A show framed around skill
In the announcement, Schulman connected the platform to a long-running argument within the poker community about how the game is perceived. "I'm honored to be on SiriusXM talking about poker, a game that means so much to me and so many of us," said Schulman. He added that "having a platform like this helps legitimize poker being a game of skill, and it means a lot to me to be a part of that."
That framing matters commercially as much as culturally. Poker sits at an awkward intersection for advertisers: adjacent to gambling categories that carry regulatory sensitivity in many markets, yet distinct in its claim to be a contest of skill rather than chance. A show built around that distinction, hosted by a Hall of Fame player rather than an operator or sponsor, gives brands a content environment that leans on expertise. Whether advertising categories follow the program is not addressed in the announcement.
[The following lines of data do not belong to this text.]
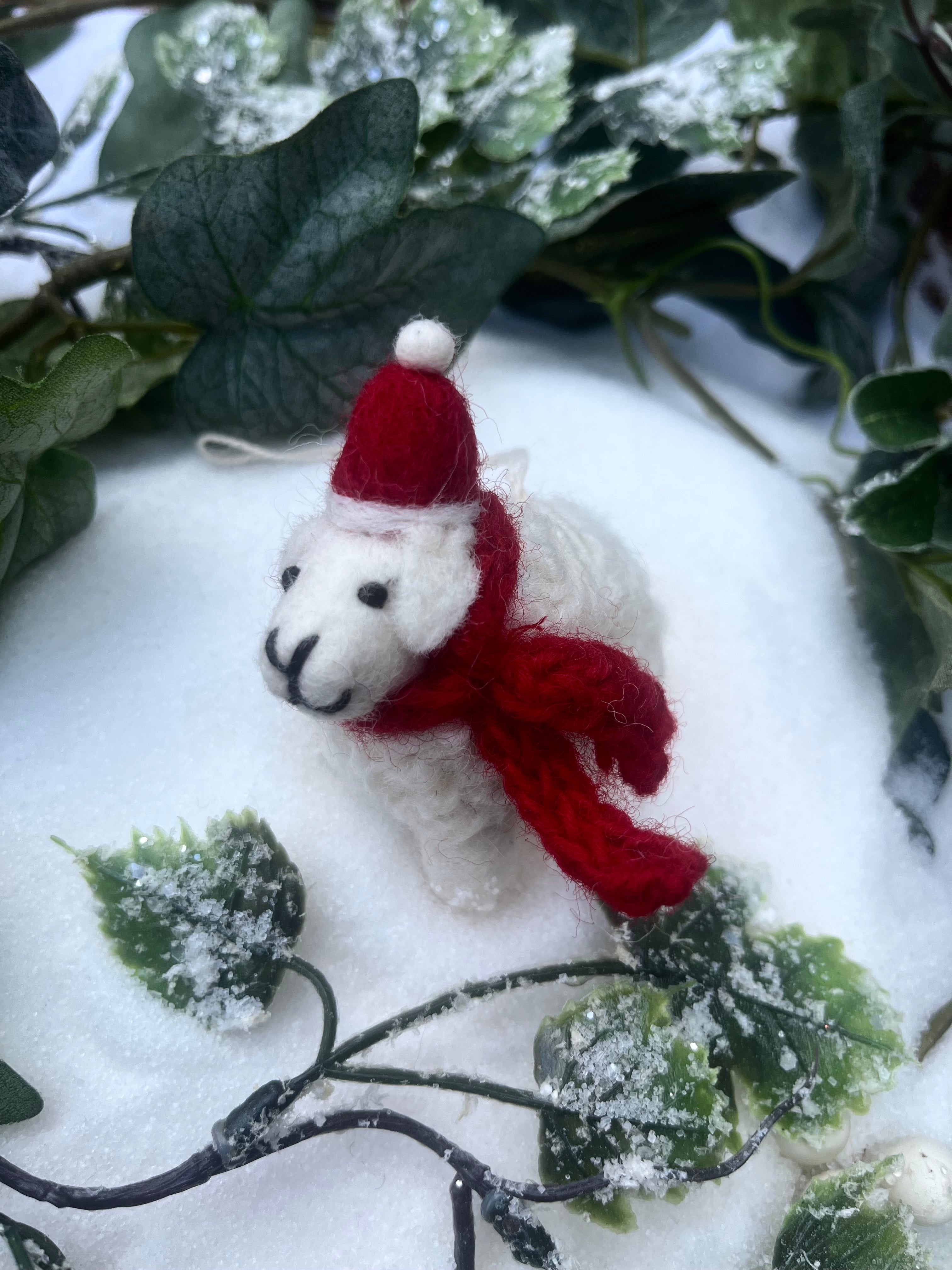 Sheep with Hat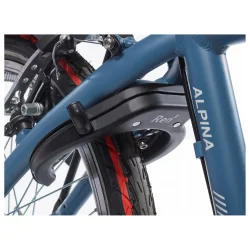 Alpina Yabber 20" drengecykel med fodbremse - bl�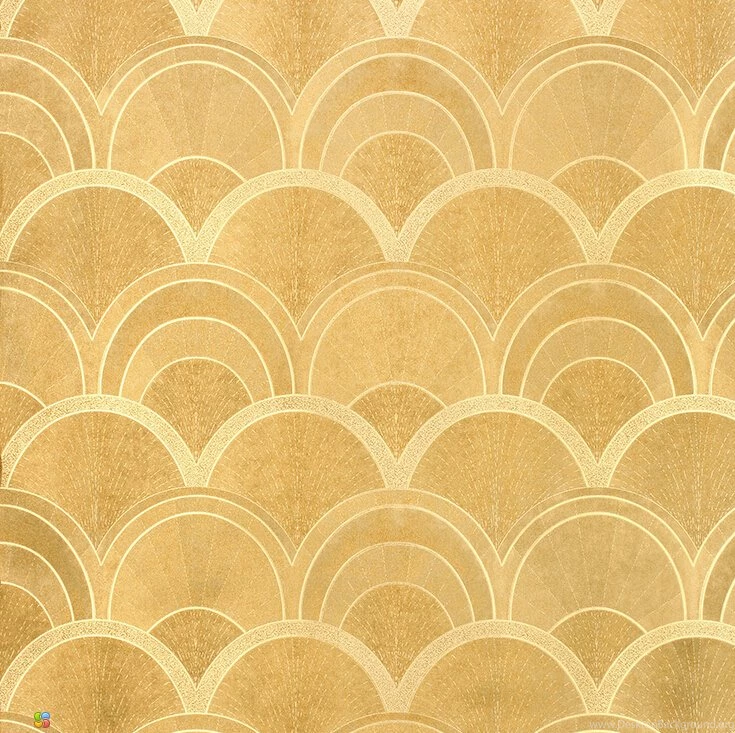 European Luxury Gold 3D Mosaic Wallpapers Fashion Floral Backgrounds ...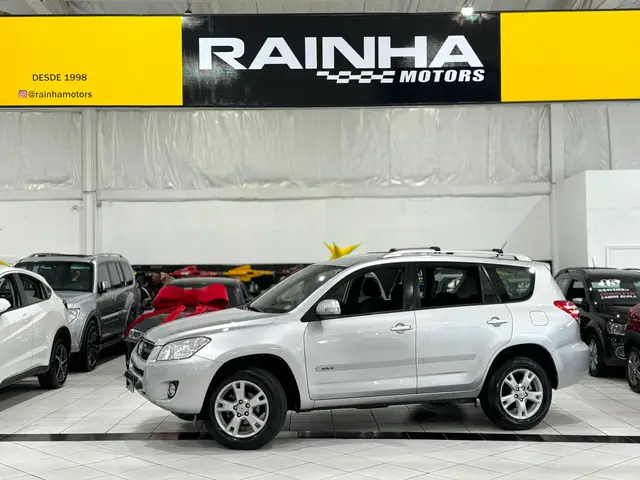 Carro Toyota RAV4 2012 4x2 2.4 16V (aut)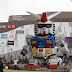 Huge Scale SD Gundam at Diver City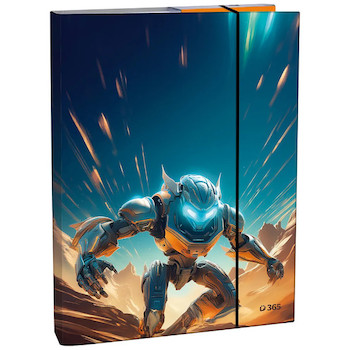 Box na sešity A4 Stil Sci-fi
The skill-versus-chance argument that Schulman invoked is not a rhetorical flourish. It has shaped how poker is regulated, taxed, and marketed across jurisdictions, and it bears directly on which advertisers can appear alongside poker content and under what conditions. A program that foregrounds strategy, career craft, and the reading of major tournaments positions the game closer to competitive sports than to casino gaming. For advertisers wary of gambling adjacency, that editorial posture changes the calculation, even if the announcement stops short of naming any sponsor or category the show will carry.
The placement itself is notable. Mad Dog Sports Radio is anchored by Christopher "Mad Dog" Russo, and its lineup spans daily sports talk programming from hosts including Stephen A. Smith and Adam Schein. Poker is not sports in the conventional sense, and its arrival on a sports talk channel signals a broader definition of the format, one that treats competitive card play as programming that fits alongside coverage of baseball, the NBA, and college athletics.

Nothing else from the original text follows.